2 Why
The purpose of data science is broadly to bring together, in a rigorous way, all that goes into doing good things with data—for learning from data and for building things with data to put those learnings to use, for example, in safeguarding public health. CDC consumes a lot of data to support its public health mission. Traditional sources include surveillance, vital records, surveys, program evaluation, studies of health services, and clinical trials. More recent sources include billing and claims data, electronic health records, social media, and sensor data. From small, structured data to high-volume, unstructured data, over time the scope and scale of those data expand and become more complex.
Why should we focus on data science? Because we need to keep up with rapidly changing methods, tools, and technology for extracting meaning from data.
Data science makes available tools for classic problems, such as working with data through the life cycle from problem formulation to collection to data management, through analysis, interpretation, and presentation. Contemporary issues in data science arise from movements to be open and to expand the scale of data and sophistication of analytic methods. Making data available for wide audiences, while ensuring adequate protections of individual privacy. Describing practices to make analyses reproducible, or at least traceable. Working with high-volume data, such as genomics, and high-velocity, real-time data, as found in syndromic surveillance and claims data feeds. And making sense out of unstructured text, images, and other nontraditional data types. Most contemporary problems differ from classic problems in scale rather than kind. For example, whether administrative data come from paper-based registers in resource-constrained settings or from massive stores of insurance claims data, they pose the same problems for inferring causes.

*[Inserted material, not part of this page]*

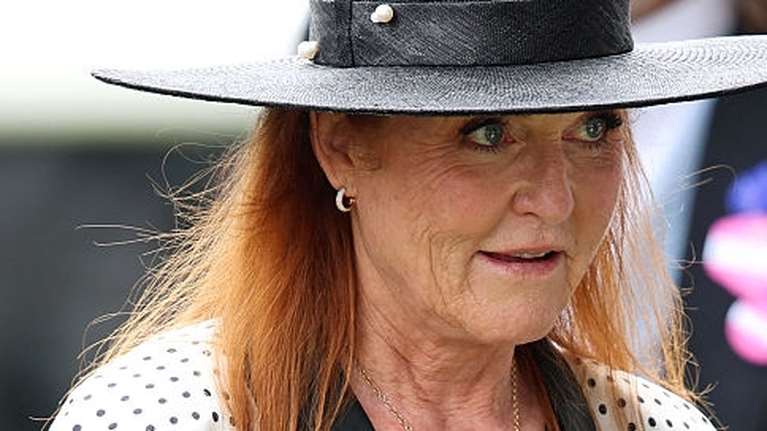 &quot;Στο χείλος του γκρεμού&quot; η Σάρα Φέργκιουσον - &quot;Δεν έχει πού να πάει&quot;, λένε οι φίλοι της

Data science promotes principled use of the full breadth of methods, from the familiar to the unfamiliar, along with the norms to ensure that methods and results stand up to scrutiny. Data science crosses disciplines.
There’s another reason to focus on data science: Data science affords a measure of autonomy for practicing and honing data skills, because of ready access to open methods, tools, and technology. Some technical skills require special equipment (like growth media or microscopes in a microbiology laboratory) or access to humans (like clinical medicine or behavioral counseling). In contrast, to learn about data and from data, it is often enough to have data in hand, widely available software, and the persistence to jump into a problem and break it open. Software is now often freely available, with growing contributions by the very active R and Python user communities. So data science can be practiced with a great deal of self-determination. With that autonomy comes the latitude to own and direct one’s learning. Thus, the enterprising scientist can capitalize on that autonomy in order to keep up with fast-moving methods, tools, and technology, in part by continuing to learn how to learn from data. This autonomy presents a paradox that we will try to resolve later (in section 5.4.2): Data science is necessarily interdisciplinary, and not every practitioner needs to cross all the disciplines. So how can one be autonomous and team-oriented at the same time?
In summary, we focus on data science because we want to learn from data, learn about data, and learn with data.
Learning from data: Data have value because data help us learn things about the world. What we learn helps us to make informed choices about how we interact with the world, for example, through public health interventions.
Learning about data: Data come in many structures, sizes, shapes, and speeds, from small, flat data tables to massive, unstructured data streams. Data conform to a variety of standards, or no standards at all. The varied characteristics of data both enrich and constrain the ways that data reveal characteristics of the world.
Learning with data through its full life cycle: Analytic knowledge and skills allow us to pose rich questions about the world, amenable to rich methods; guide how we generate, transmit, obtain, and prepare data; probe data to answer questions about the world; place answers from data in context, mindful of assumptions and alternatives; present data-driven answers to audiences clearly and correctly; and preserve those answers and ensure that the entire life cycle is transparent, accessible, traceable and, to the extent possible, reproducible.
The field of data science addresses a wide variety of problems (what), and the practice of data science straddles autonomous and collaborative styles (how). Thus, we also focus on data science so that we can build and sustain a culture (who) for doing good things with data, for continuously learning things about the world, and for empowering choices informed by those learnings, and for being ever ready to learn from and act on data.